Report: PayU Could Be Sold Off by Owner Prosus

Prosus

Investment firm Prosus is reportedly considering a sale for its payments company PayU.

The company is working with Bank of America Corp. as it determines interest in PayU outside India, Bloomberg News reported Tuesday (May 9), citing unnamed sources.

The sources said a deal could be worth $800 million, and Prosus could sell off parts of PayU to different buyers while holding onto its business in India. PayU, which focuses on emerging markets, has operations in more than 50 countries around the world.

A spokesperson for Prosus told PYMNTS the company does not comment on merger and acquisition activity.

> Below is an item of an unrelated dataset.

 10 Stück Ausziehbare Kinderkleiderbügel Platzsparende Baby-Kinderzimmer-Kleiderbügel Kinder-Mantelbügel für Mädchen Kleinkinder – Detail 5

As the Bloomberg report notes, the proposed deal would be happening at a difficult time for FinTechs, which have been suffering through a venture capital (VC) drought.

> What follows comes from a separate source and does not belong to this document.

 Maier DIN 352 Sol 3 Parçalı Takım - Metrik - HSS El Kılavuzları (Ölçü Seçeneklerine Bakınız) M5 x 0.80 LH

The March failure of Silicon Valley Bank — a lender that provided funding and/or banking services to a host of venture-backed companies — rocked a sector that was already contending with a funding downturn.

“Just over a year ago, the startup funding landscape was basking in the glow of a sizzling 2021 and hoping to carry the momentum into the new year,” PYMNTS wrote in April. “However, at the beginning of 2023, funding for startups has considerably slowed down, almost to a crawl.”

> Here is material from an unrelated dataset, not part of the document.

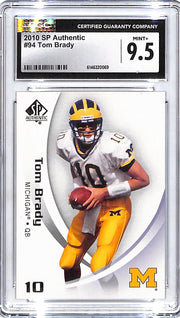 2010 SP Authentic Tom Brady #94 CGC 9.5 Michigan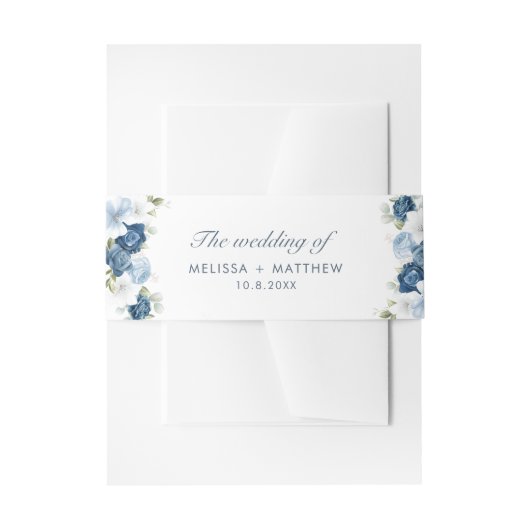 Modern Elegant Dusty Blue Floral Wedding Uitnodigingen Wikkel (Voorkant Voorbeeld)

VC funding plunged 65% year over year in the last three months of 2022, with the amount of new funds raised during the period reaching the lowest total for a fourth quarter since 2013.

PYMNTS’ Karen Webster sat down with PayU Global Payments CEO Mario Shiliashki last month for a wide-ranging interview on the last five years of payments innovation.

As that report said, in 2018 national real-time payment schemes like Brazil’s Pix and India’s UPI were still talking points, but now feature prominently in any discussion of cross-border payments and expansion into emerging markets.

“We thought, ‘OK, we need to integrate Pix. That’s fine, but let’s see. Will it really take off?’ It’s taken off and then some,” Shiliashki said.

“You see local merchants on the street and kiosk vendors accepting Pix. The new way to donate on the street is Pix. People may not have a place to sleep, but they have a Pix account. It’s pretty incredible. We’ve seen something similar in India with UPI, and Blik came out [in Poland] and created its own trend.”